Twenty-one Democratic AGs file motion to intervene in California emissions lawsuit
Democratic attorneys general from 20 states and the District of Columbia on Thursday filed a motion to intervene in a lawsuit from Republican attorneys general against the Environmental Protection Agency (EPA) over California’s vehicle emissions standards.
The Democrats, led by California Attorney General Rob Bonta, filed the motion in defense of the state’s standards, which are stricter than federal standards.
The Trump administration had in 2019 revoked a 2013 waiver allowing the state to impose more stringent standards than the federal government, but EPA Administrator Michael Regan reversed the revocation in March after announcing in 2021 that the EPA would review the decision.
“California’s standards are some of the best tools we have to reduce emissions, fight climate change, and protect public health.

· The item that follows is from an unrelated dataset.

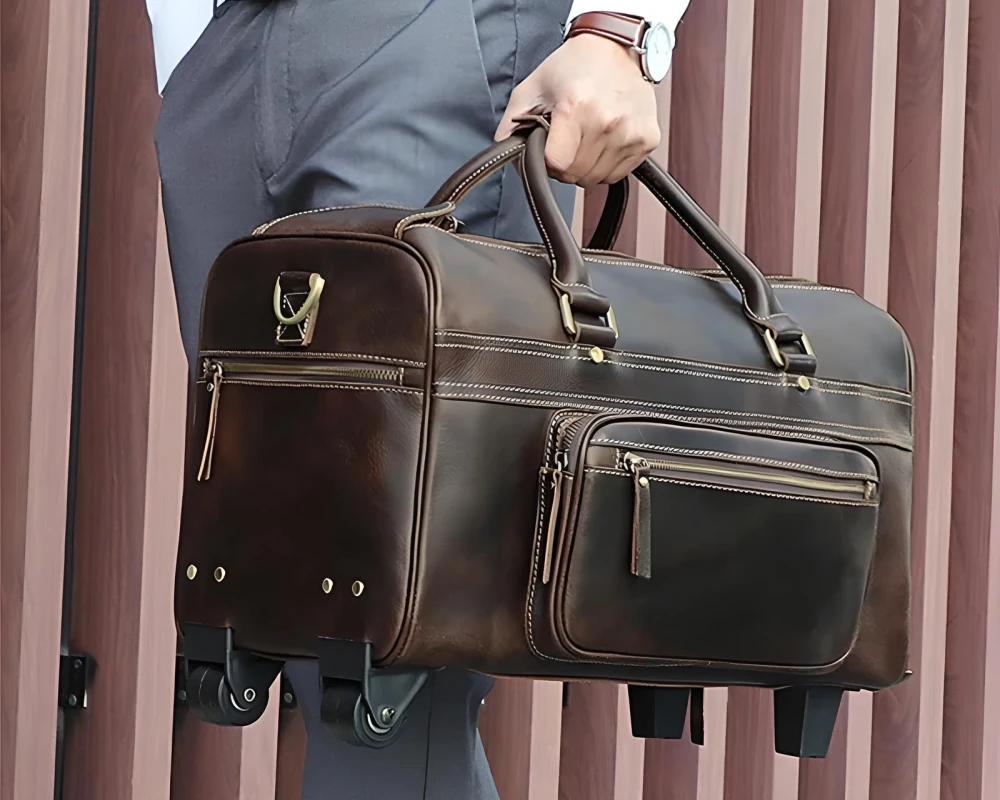 leather mens carry on bag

But unfortunately, there are some who continue to ignore these benefits, choosing inexplicably to defend outdated, pollution-generating vehicles even as technologies enabling emissions reductions and cost savings continue to advance,” Bonta said in a statement Thursday.
“My office has defended California’s authority to set its own vehicle emissions standards from an onslaught of attacks in recent years, and we’re not going to back down now,” he said.
Bonta filed the motion Thursday afternoon in the U.S. Court of Appeals for the District of Columbia Circuit.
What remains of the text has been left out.